Laugarvatn Fontana Geothermal Baths: I stopped here during a tour of the Golden Circle — just to glimpse, not to bathe. Just over an hour away from Reykjavik by car, it overlooks a beautiful lake and felt uncrowded and peaceful. Because there is no corner of the planet untouched by a recent travel docuseries, it was also featured in a Netflix show called “Down to Earth with Zac Efron,” which highlighted geothermal baking techniques. (You can apparently boil eggs, or even bake rye bread, in a neighboring hot spring.)
Sky Lagoon: Someone told me Sky Lagoon was like the Blue Lagoon, but less crowded. Consider me sold. Looking at the website, I was charmed by the architecture, which is inspired by traditional Icelandic turf houses. The bath is carved out from rocks and features an in-the-water bar. Another perk: it’s just a 13-minute drive from downtown Reykjavik. Hunker down for a seven-step bathing ritual, which includes a plunge in cold water; it’s believed to activate the immune system.

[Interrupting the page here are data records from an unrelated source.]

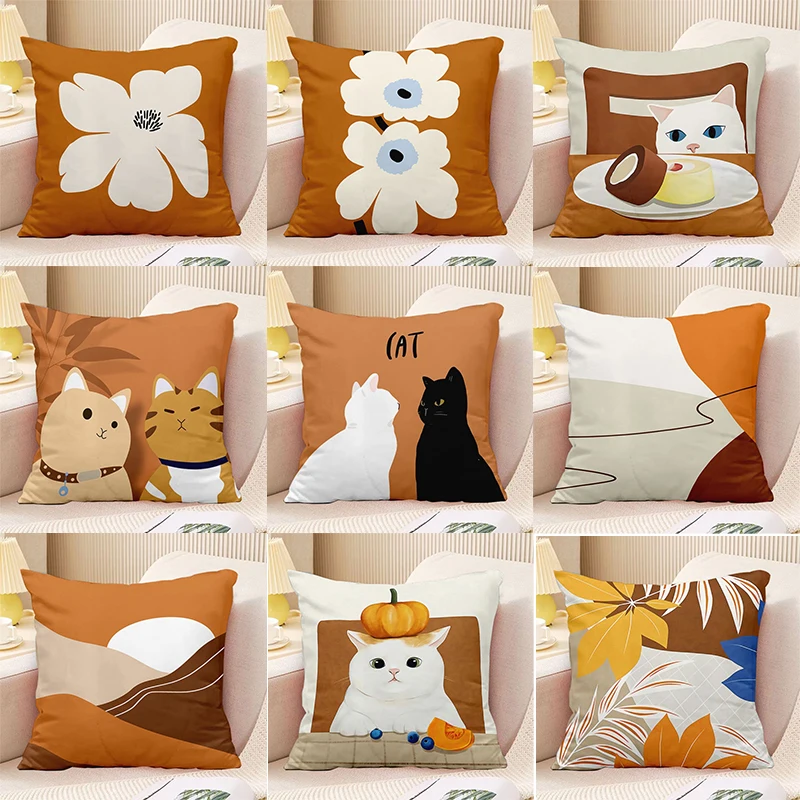 Bedroom Living Room Square Cushion Pillowcase Orange Simple Print Decorative Pillowcase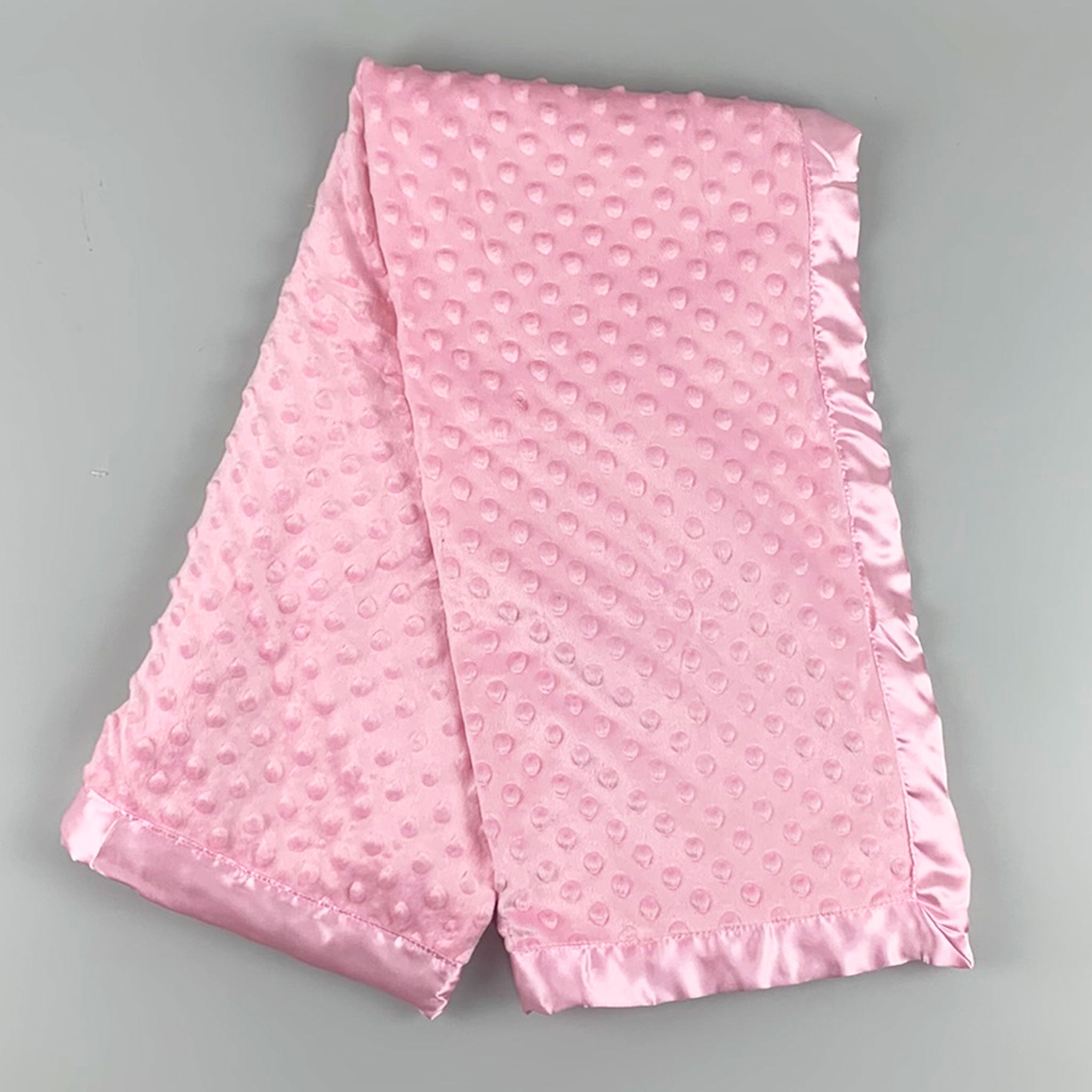 pink satin trim baby blanket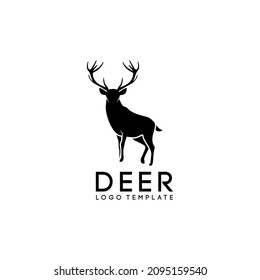 Elegant deer buck stag antler silhouette logo design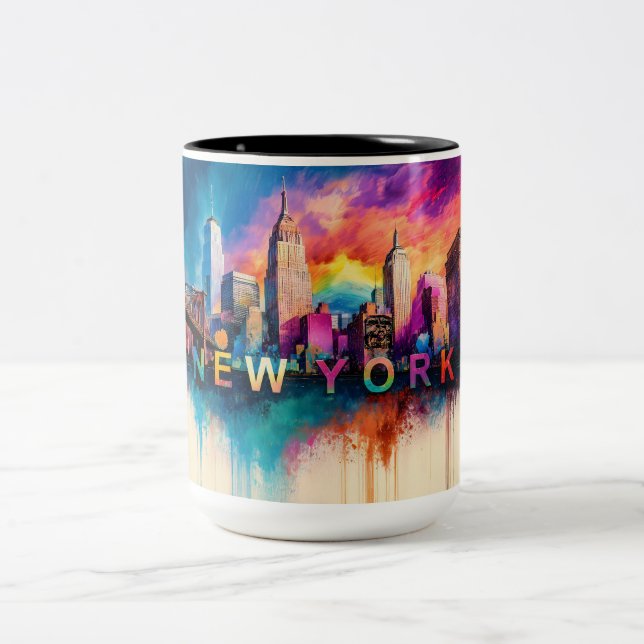 Tasse 2 Couleurs Big Apple NYC Abstrait Skyline (Centre)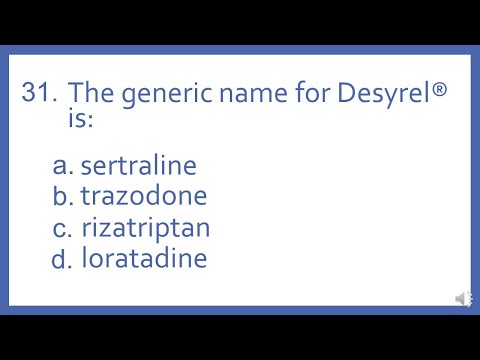 Top 200 Drugs Practice Test Question - The generic name for Desyrel is (PTCB PTCE NAPLEX NCLEX)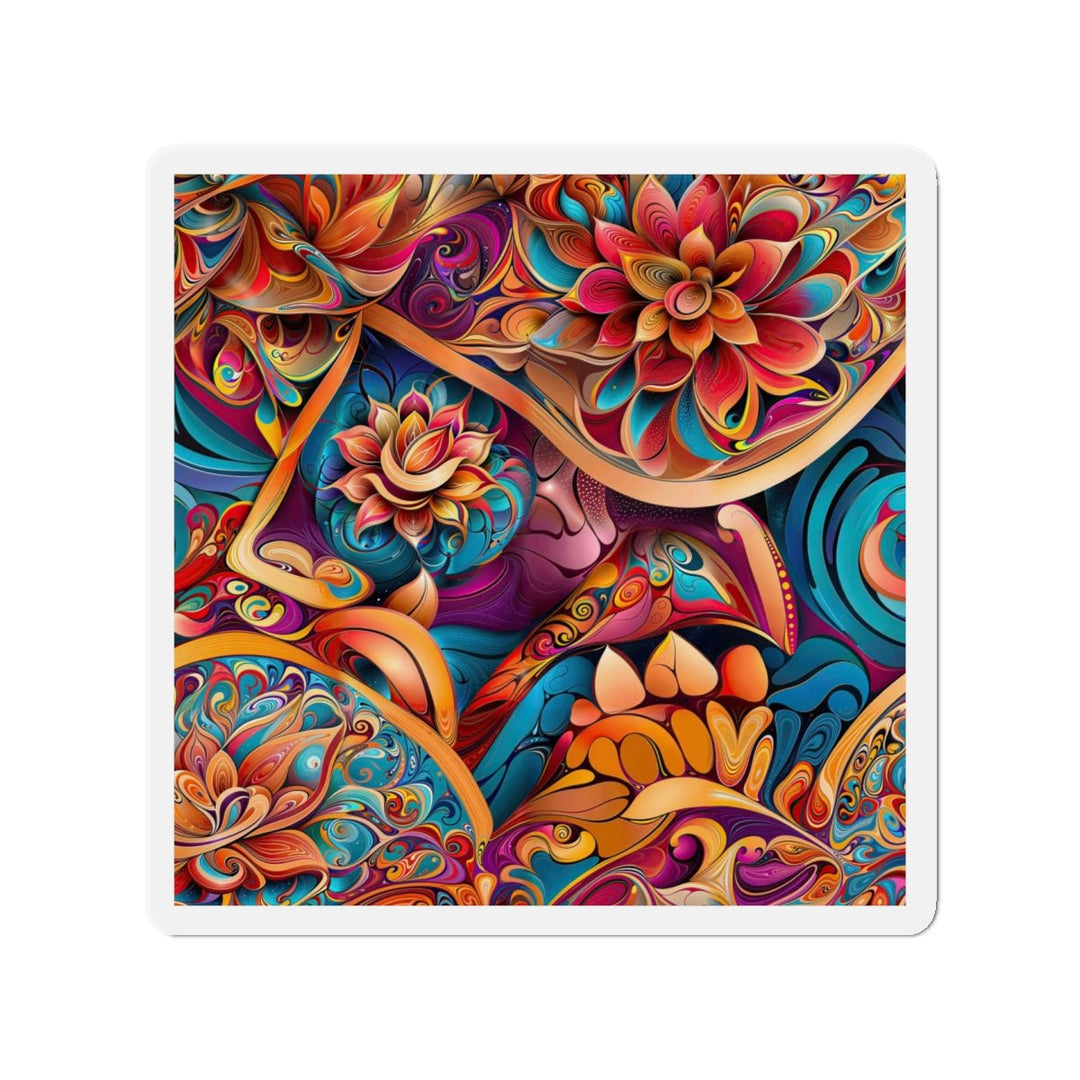Vibrant Floral Essence - Die-cut Magnet - Home Decor - g(0D·IO) - 5" x 5" - Die-Cut - 1 pc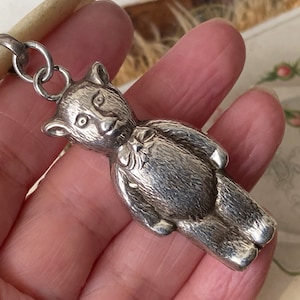Fabulous Novelty Antique/vintage English Hallmarked Sterling Silver Teddy Bear Rattle / Statement Pendant (1)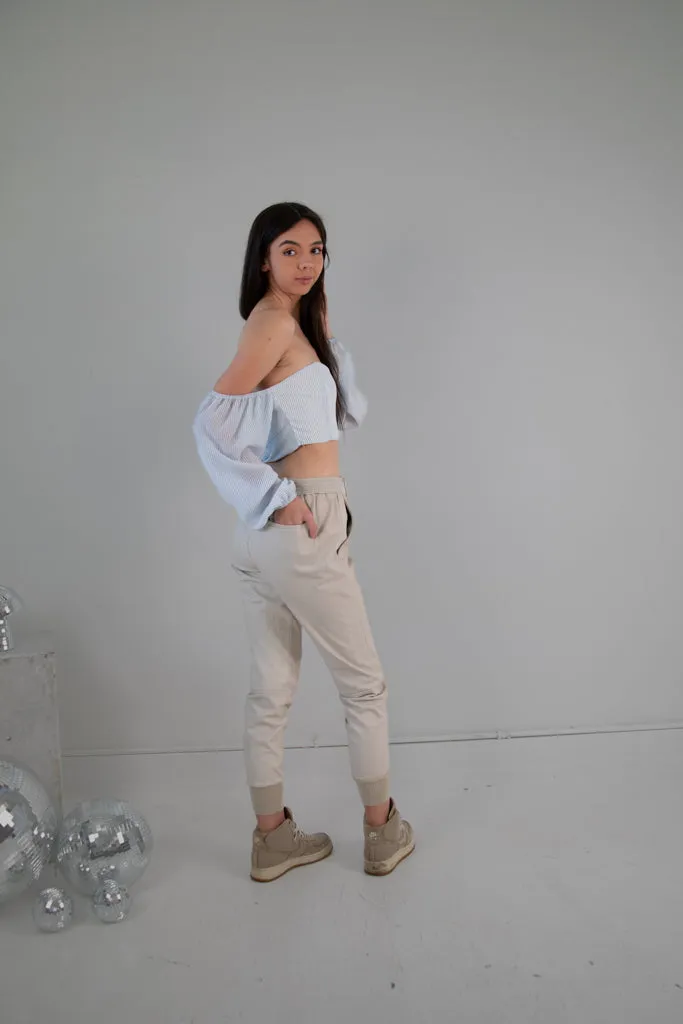 Vince "Sleek" Lamb Leather Joggers in Tan - Size Small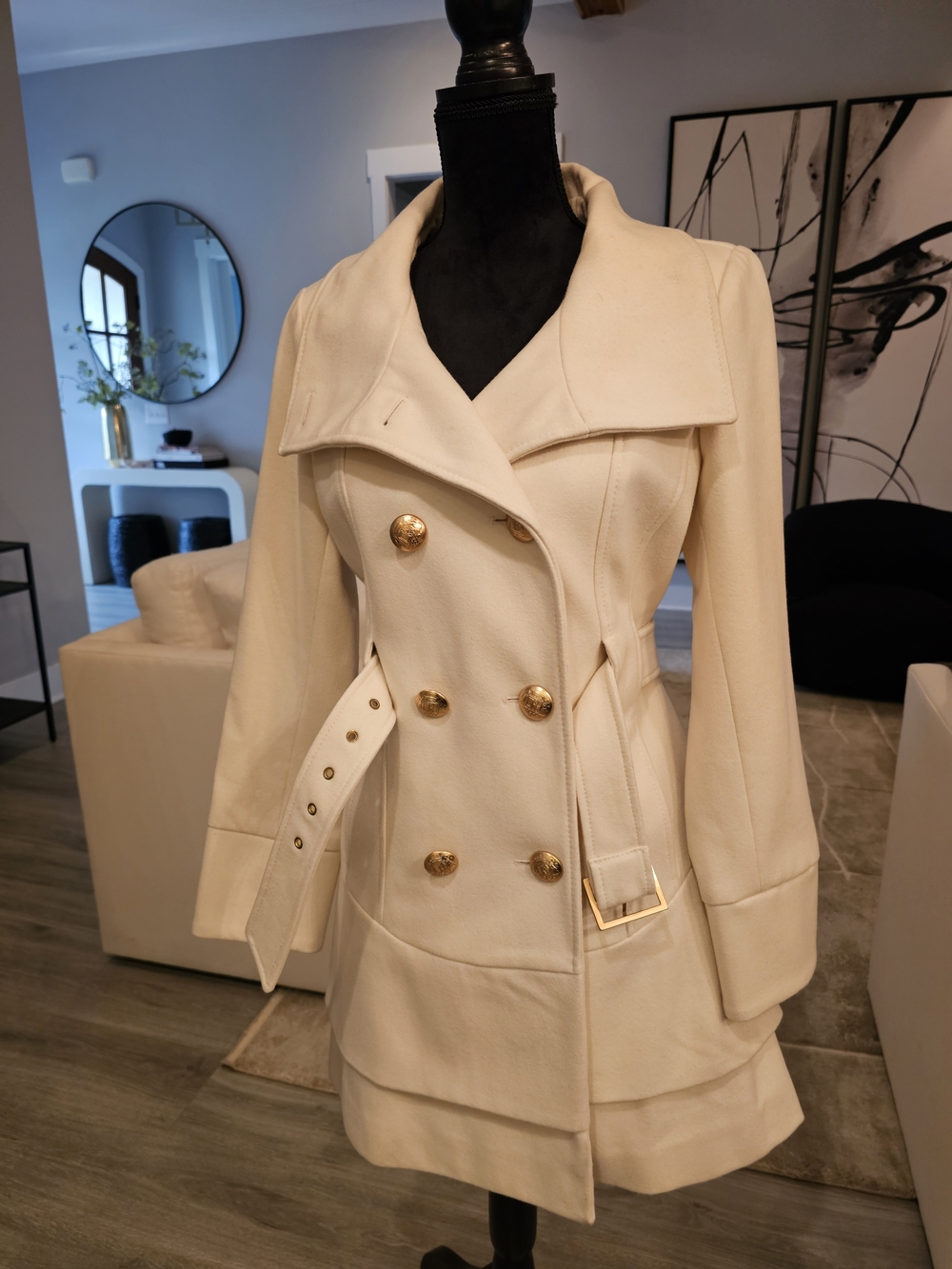 GUESS Cream Double-Breasted Belted Trench Coat with Gold Buttons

Reykjavik’s public pools: When it comes to a hot soak, the most affordable option for travelers is one favored by locals: a trip to one of Reykjavik’s many public pools. Afterward, indulge in Icelanders’ preferred post-spa ritual — a treat from a nearby ice cream shop or hot dog stand. Top choices for the pools include new arrival Dalslaug, on the edge of the city and ensconced in wilderness, and Vesturbæjarlaug — where, according to the local Reykjavík Grapevine, you might see the country’s prime minister or a member of Sigur Rós on the same day.